Task item: Starting at the first line of the records below, reproduce every line up to and including the line with "Description of fractures", but leave out all pictures.

Information supplied:

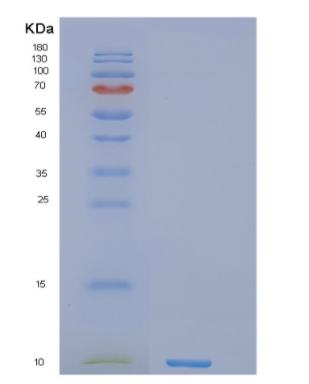 Recombinant Human NREP Protein
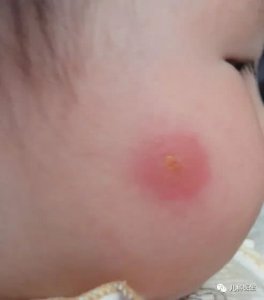 宝宝被蚊虫叮咬后该怎么办？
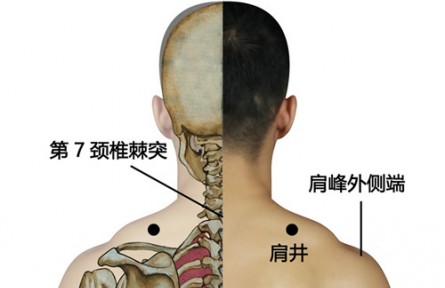 ?健康問(wèn)答 | 緩解頸椎“職業(yè)病”，如何進(jìn)行中醫(yī)調(diào)理？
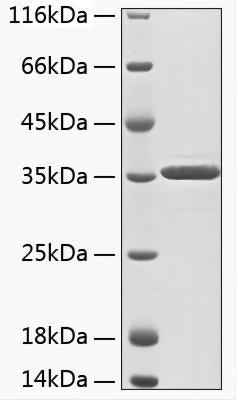Recombinant Human Aminoacylase-3/ACY 3 Protein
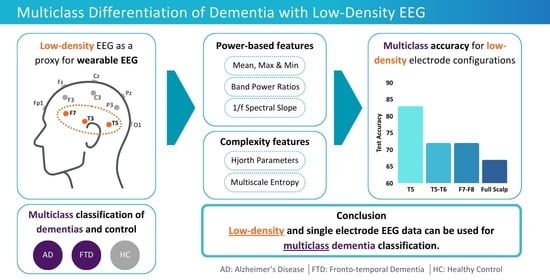 Workflow of the proposed approach, including EEG pre-processing, feature extraction, and machine learning classification.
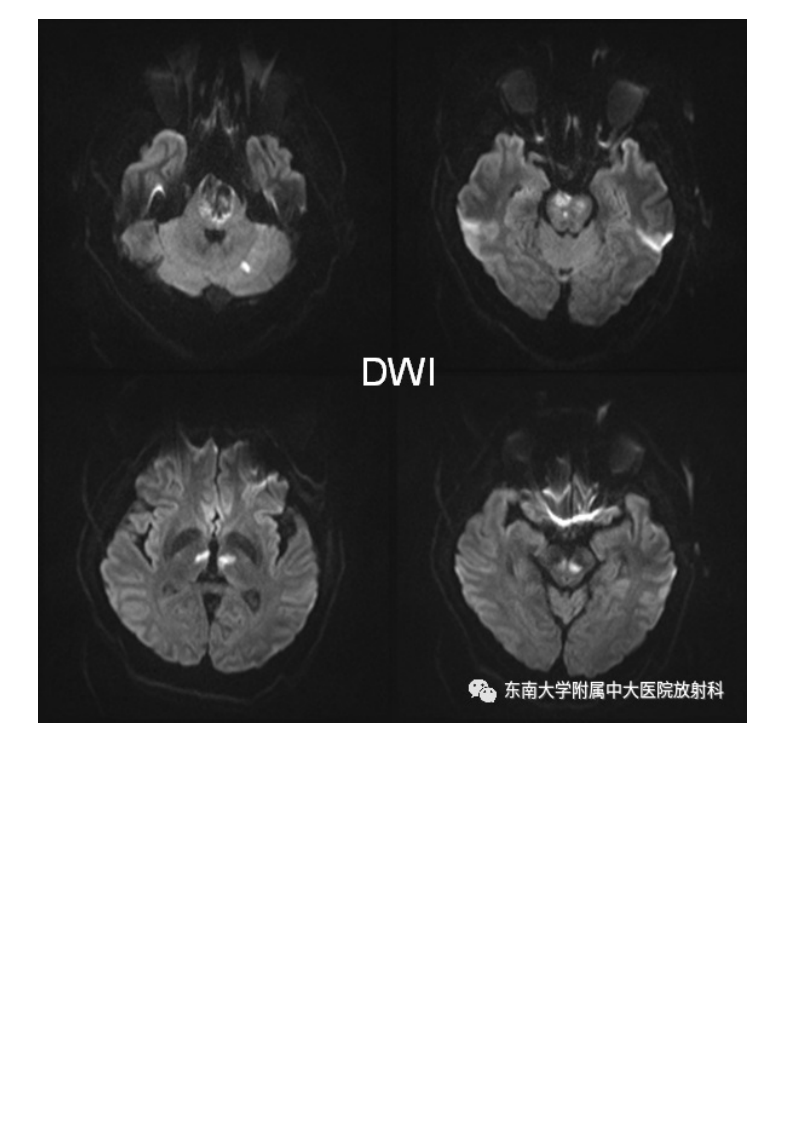 20210509_3【晨读结果公布】2021.05.08神经系统疾病——基底动脉尖综合征.pdf 第2页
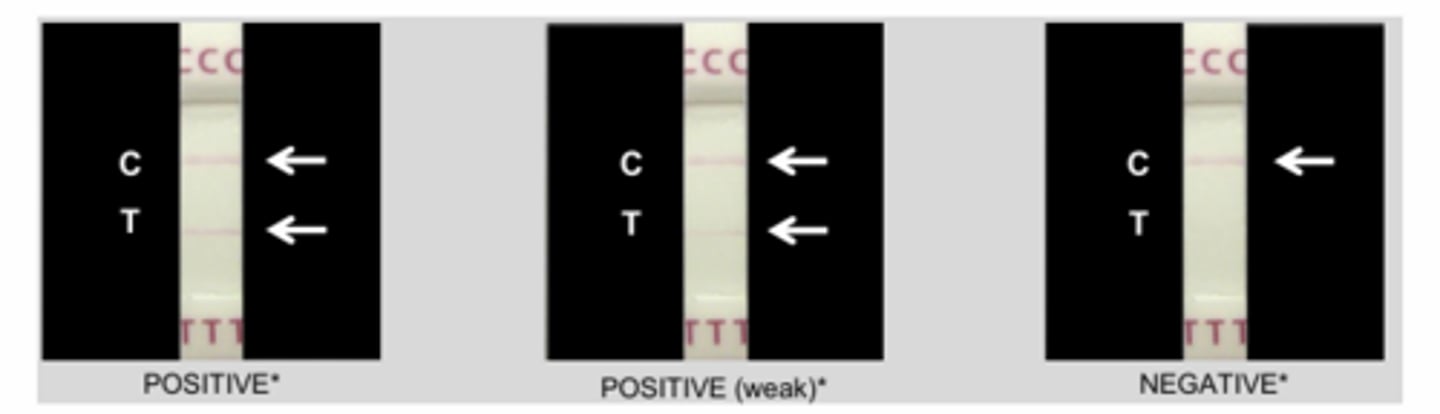 <p>Alere Filariasis Test Strip (FTS) for the qualitativedetection ofWuchereria bancroftiantigen</p><p>- BrugiaRapid point-of-care cassette test (BRT)to detect IgG4 antibody</p><p>- PCR methods to detect microfilarialDNA</p>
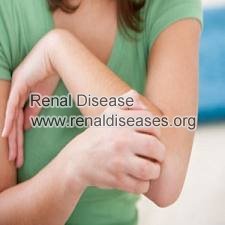 What Causes Itchy Skin in Dialysis Patients with FSGS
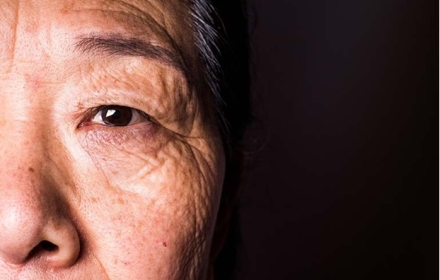 Bệnh thoái hóa hoàng điểm tuổi già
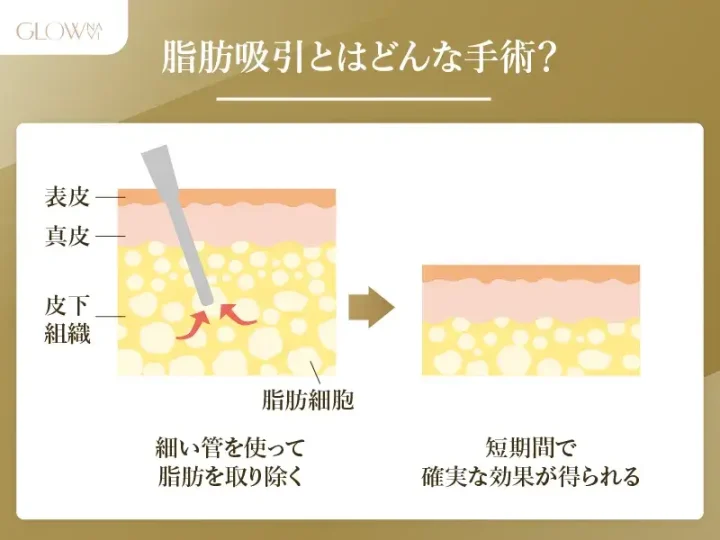 脂肪吸引とはどんな手術？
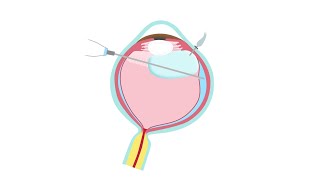 Retinal Detachment Treatment—Pars Plana Vitrectomy [upl. by Kolk]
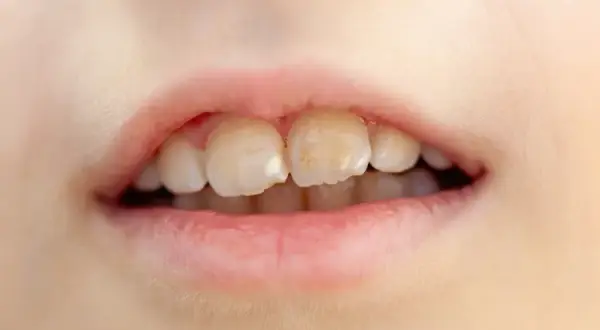 Jak wyleczyć próchnicę bez dentysty? Co możesz, a czego nie!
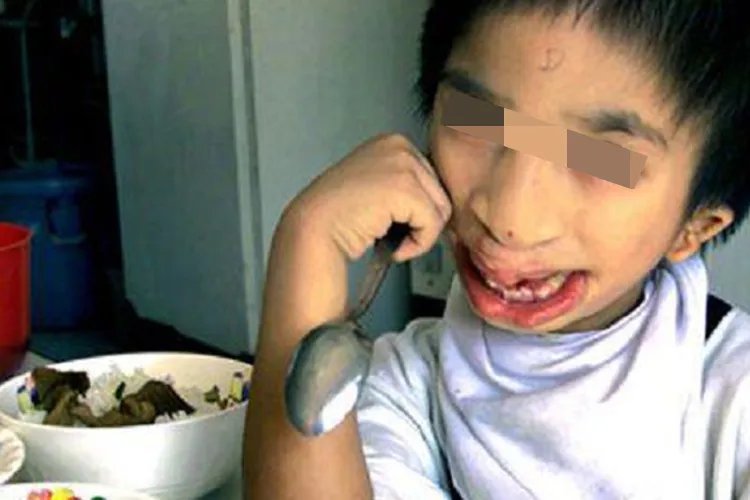 儿童巨人症图片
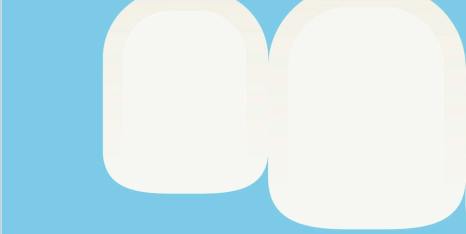 종각치과에서 알려드리는 치아미백과 라미네이트 이후의 달라진 일상 관련 이미지 15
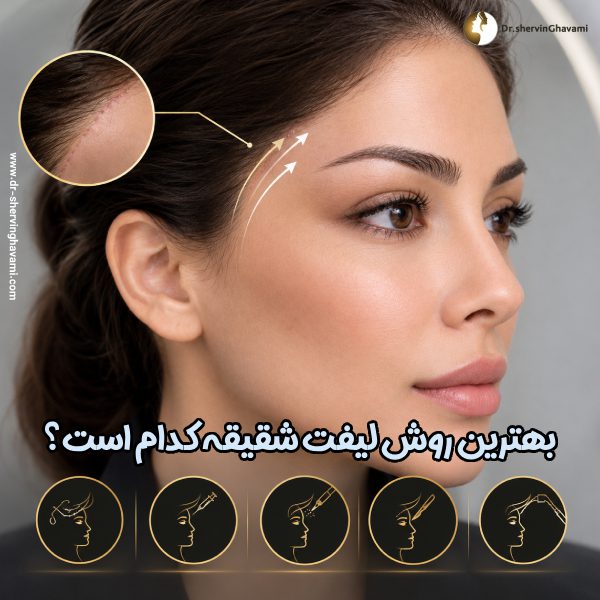 بهترین روش لیفت شقیقه
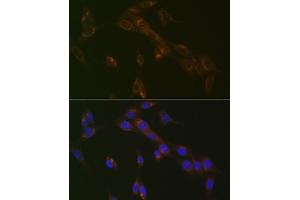 Immunofluorescence analysis of NIH-3T3 cells using RA Rabbit mAb (ABIN7269817) at dilution of 1:100 (40x lens). (RAB9A anticorps)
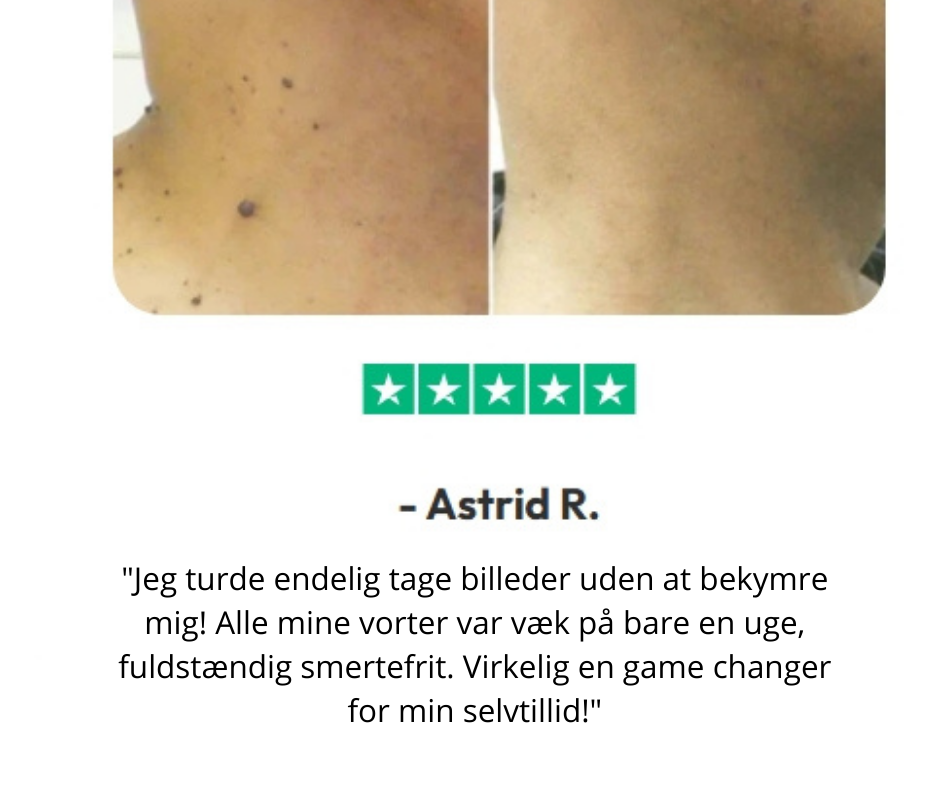 DermaVrij™ Serumpen | Fjern vorter og leverpletter smertefrit på 5 dage!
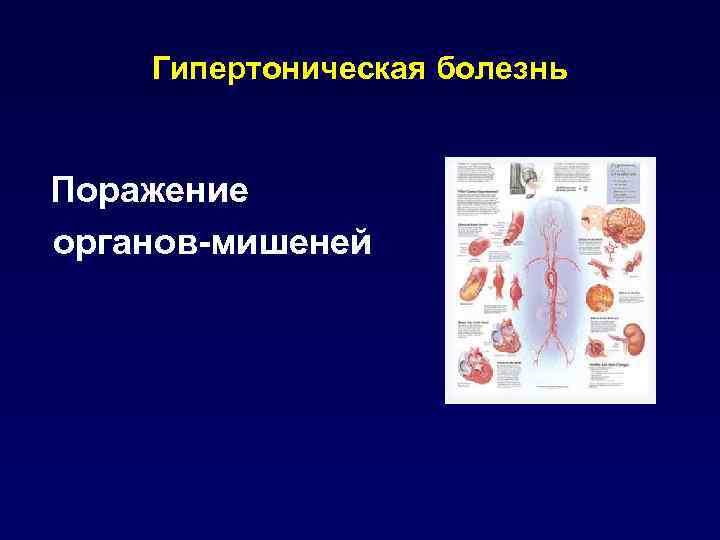 Гипертоническая болезнь Поражение органов-мишеней 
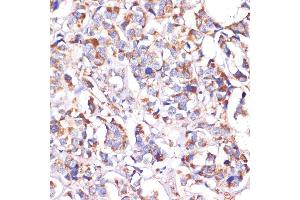 Immunohistochemistry of paraffin-embedded human breast cancer using STOML2 antibody (ABIN6132693, ABIN6148629, ABIN6148630 and ABIN6214642) at dilution of 1:100 (40x lens). (STOML2 anticorps  (AA 29-356))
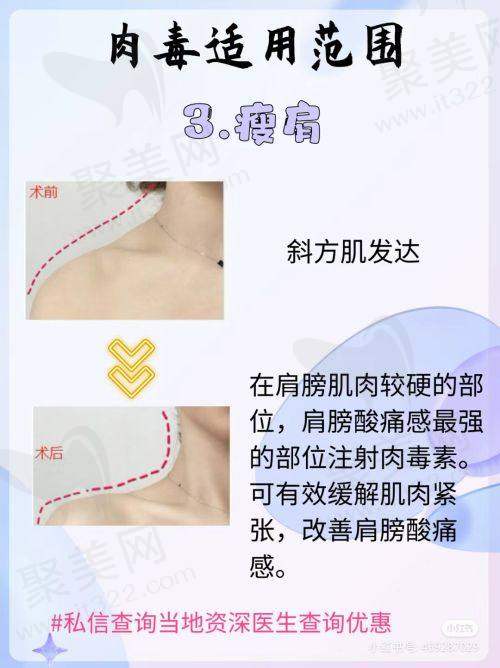北京星洲医疗美容门诊部：正规吗
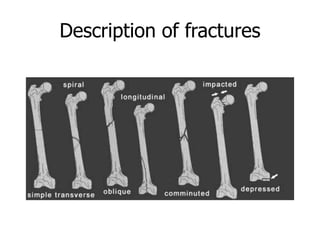 Description of fractures
 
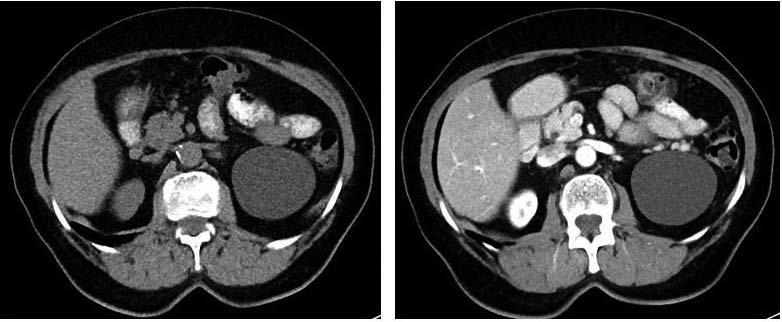 UVOD Ciste na bubrezima vrlo su čest i najčešće slučajan nalaz kod rutinskih radioloških pretraga, počevši od ultrazvuka do slikovnih metoda kompjutorizirane tomografije (CT) i magnetske rezonancije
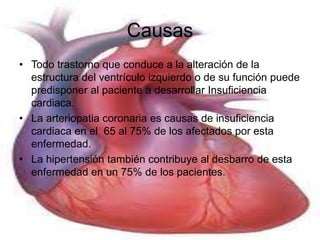 Causas 
• Todo trastorno que conduce a la alteración de la 
estructura del ventrículo izquierdo o de su función puede 
predisponer al paciente a desarrollar Insuficiencia 
cardiaca. 
• La arteriopatia coronaria es causas de insuficiencia 
cardiaca en el 65 al 75% de los afectados por esta 
enfermedad. 
• La hipertensión también contribuye al desbarro de esta 
enfermedad en un 75% de los pacientes. 
 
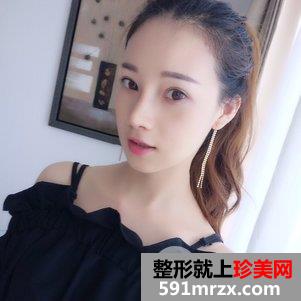 蒜头鼻整形对比照片 蒜头鼻整形恢复全过程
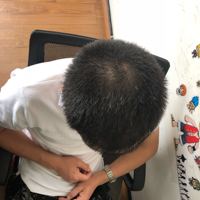 發(fā)際線用戶圖片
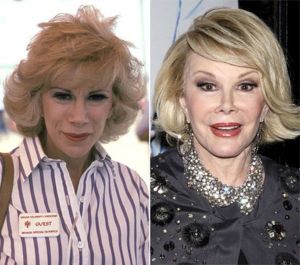 Celebrity-plastic-surgery-faces-before-after8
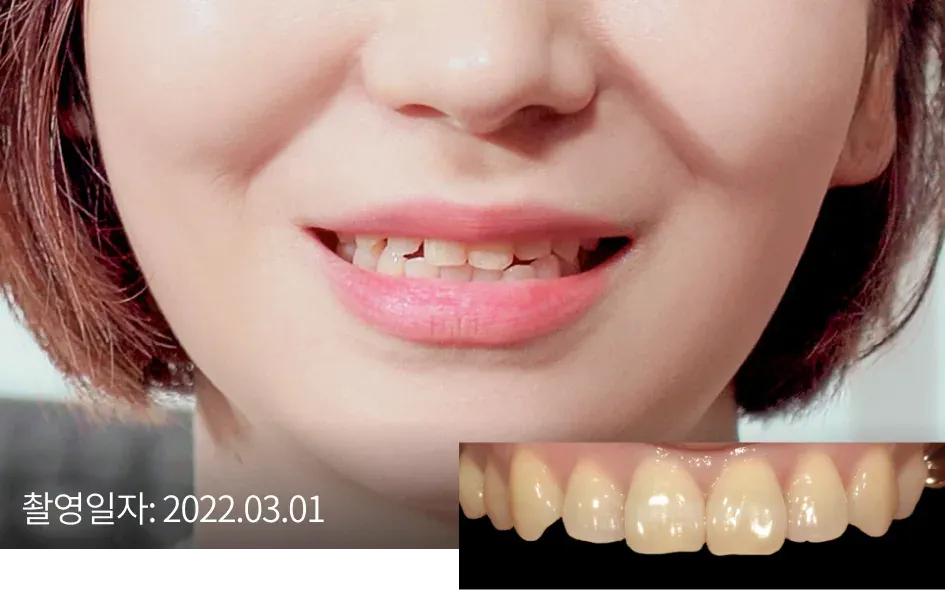 라미네이트 치료 전 웃는 입과 앞니 확대(촬영일자 2022.03.01)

Exercise response:
 Recombinant Human NREP Protein
 宝宝被蚊虫叮咬后该怎么办？
 ?健康問(wèn)答 | 緩解頸椎“職業(yè)病”，如何進(jìn)行中醫(yī)調(diào)理？
Recombinant Human Aminoacylase-3/ACY 3 Protein
 Workflow of the proposed approach, including EEG pre-processing, feature extraction, and machine learning classification.
 20210509_3【晨读结果公布】2021.05.08神经系统疾病——基底动脉尖综合征.pdf 第2页
 <p>Alere Filariasis Test Strip (FTS) for the qualitativedetection ofWuchereria bancroftiantigen</p><p>- BrugiaRapid point-of-care cassette test (BRT)to detect IgG4 antibody</p><p>- PCR methods to detect microfilarialDNA</p>
 What Causes Itchy Skin in Dialysis Patients with FSGS
 Bệnh thoái hóa hoàng điểm tuổi già
 脂肪吸引とはどんな手術？
 Retinal Detachment Treatment—Pars Plana Vitrectomy [upl. by Kolk]
 Jak wyleczyć próchnicę bez dentysty? Co możesz, a czego nie!
 儿童巨人症图片
 종각치과에서 알려드리는 치아미백과 라미네이트 이후의 달라진 일상 관련 이미지 15
 بهترین روش لیفت شقیقه
 Immunofluorescence analysis of NIH-3T3 cells using RA Rabbit mAb (ABIN7269817) at dilution of 1:100 (40x lens). (RAB9A anticorps)
 DermaVrij™ Serumpen | Fjern vorter og leverpletter smertefrit på 5 dage!
 Гипертоническая болезнь Поражение органов-мишеней 
 Immunohistochemistry of paraffin-embedded human breast cancer using STOML2 antibody (ABIN6132693, ABIN6148629, ABIN6148630 and ABIN6214642) at dilution of 1:100 (40x lens). (STOML2 anticorps  (AA 29-356))
北京星洲医疗美容门诊部：正规吗
 Description of fractures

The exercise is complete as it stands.